Your task:
Include the line containing "For puts, it's" and all lines before it, repeated exactly from the listing below, without pictures.

:: Collected data

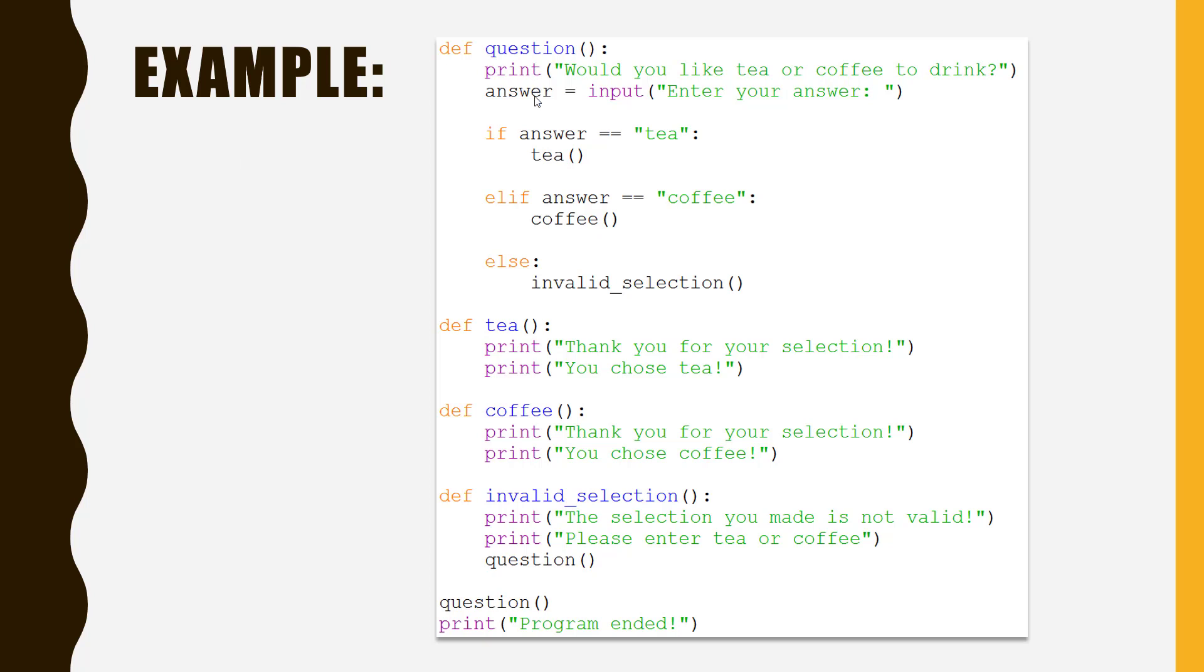If you use that ask for tea, it will run tea, if they ask for coffee, it will run coffee, and if they ask for anything else, it will go to invalid selection before going to question again and back to the top.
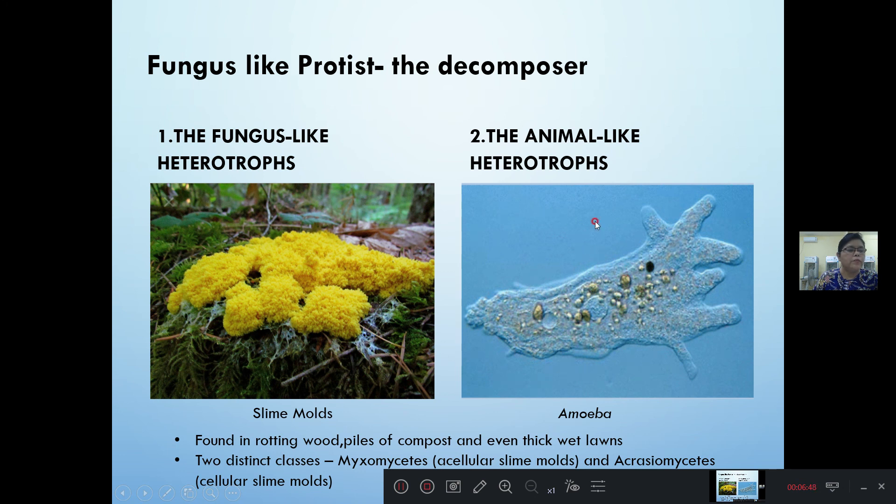The animal-like heterotrophs include Amoeba, Protozoa, and Paramecium, which is also a predatory organism.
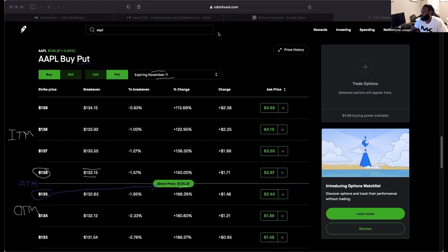For puts, it's reversed — in the money is above the line, out of the money is below. You're locking in the selling price so a higher strike price already has value built in.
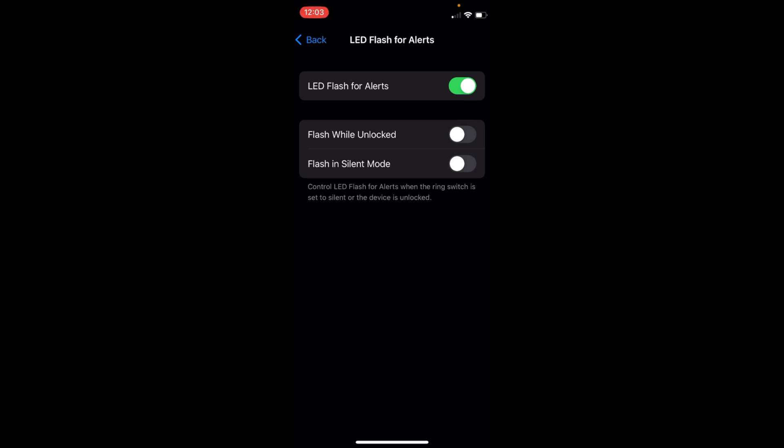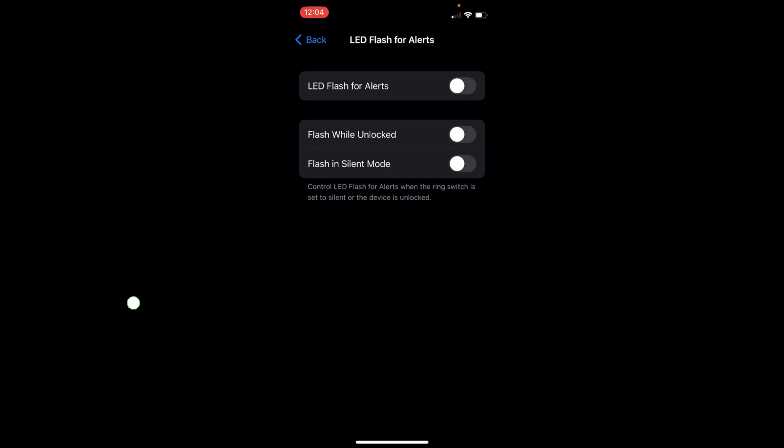You have two other settings as well. Flash When Unlocked will only flash when your phone is unlocked and the iPhone rings. The third option is Flash in Silent Mode, so it will only flash when your phone is silent and it rings.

::::

Exercise result:
If you use that ask for tea, it will run tea, if they ask for coffee, it will run coffee, and if they ask for anything else, it will go to invalid selection before going to question again and back to the top.
The animal-like heterotrophs include Amoeba, Protozoa, and Paramecium, which is also a predatory organism.
For puts, it's reversed — in the money is above the line, out of the money is below. You're locking in the selling price so a higher strike price already has value built in.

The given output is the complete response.